El enemigo interno


Hay personas que por su estructura de personalidad y sus trastornos a cuesta, llevan consigo la necesidad del reconocimiento y valoración sustentada en el triunfo a algún enemigo externo. En política lo vemos recurrentemente cómo los dirigentes de los países buscan fuera de sus fronteras a quien poder culpar de sus ineficiencias e incapacidades. Resulta evidente que es más fácil demonizar a un tercero que hacerse cargo de uno mismo, o justificar las propias conductas bajo la ilusión de estar librando un enfrentamiento.


Si bien en el ejemplo de la política internacional es más simple poder recordar situaciones de este tipo, la vida cotidiana aporta su buena cuota de casos. La cantidad de delirios y trastornos que es posible encontrarnos en el día a día, incluso con aquellas personas más cercanas a nuestras vidas, nos da material de estudio y reflexión de manera permanente.


¿Cuántas veces has visto o sentido que alguien te arrebata algo que te pertenece?… quizás más de alguna vez, pero si lo piensas nuevamente y con detención podrás encontrar que muy probablemente nada de aquello que “te arrebataron” fue tuyo alguna vez, y en la mayoría de los casos fuiste tú quien se esmero conscientemente o no para que aquello (persona o situación) saliera de tu vida.

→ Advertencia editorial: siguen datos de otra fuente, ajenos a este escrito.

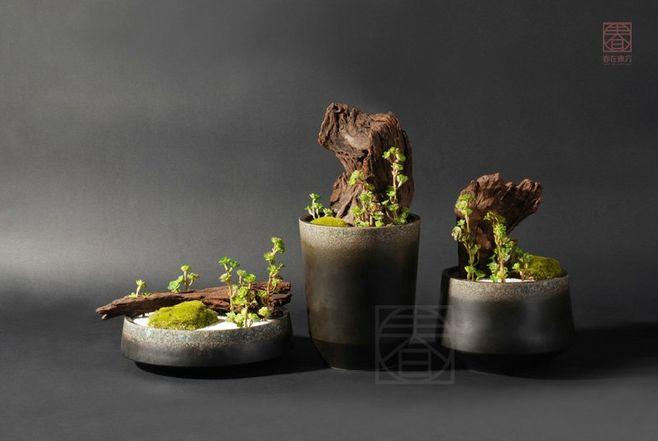 v2-b1c2570af821fffc9753ee128ae93c40_1440w.jpg?source=172ae18b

📷Si tu enemigo es aquella persona nueva que llegó al trabajo, algún familiar, un ex amigo, tu jefe, tu ex pareja o alguien que se haya vinculado con tus afectos, deseos, frustraciones o aspiraciones de logro, déjame decirte que estás en el camino equivocado. Culpar a otros o ponerlos como un blanco el cual debe ser ajusticiado te llevará inequívocamente a tener aún peores resultados.


Buscar un enemigo externo permanentemente es el reflejo de la incapacidad de mirarse a uno mismo y hacerse cargo, principalmente de aquellas cosas que no nos gustan o simplemente no son correctas ni saludables. Buscar a otros para pelear una batalla que es interior, es pelear en la soledad del desierto y traer consigo nuevos problemas para alimentar el delirio.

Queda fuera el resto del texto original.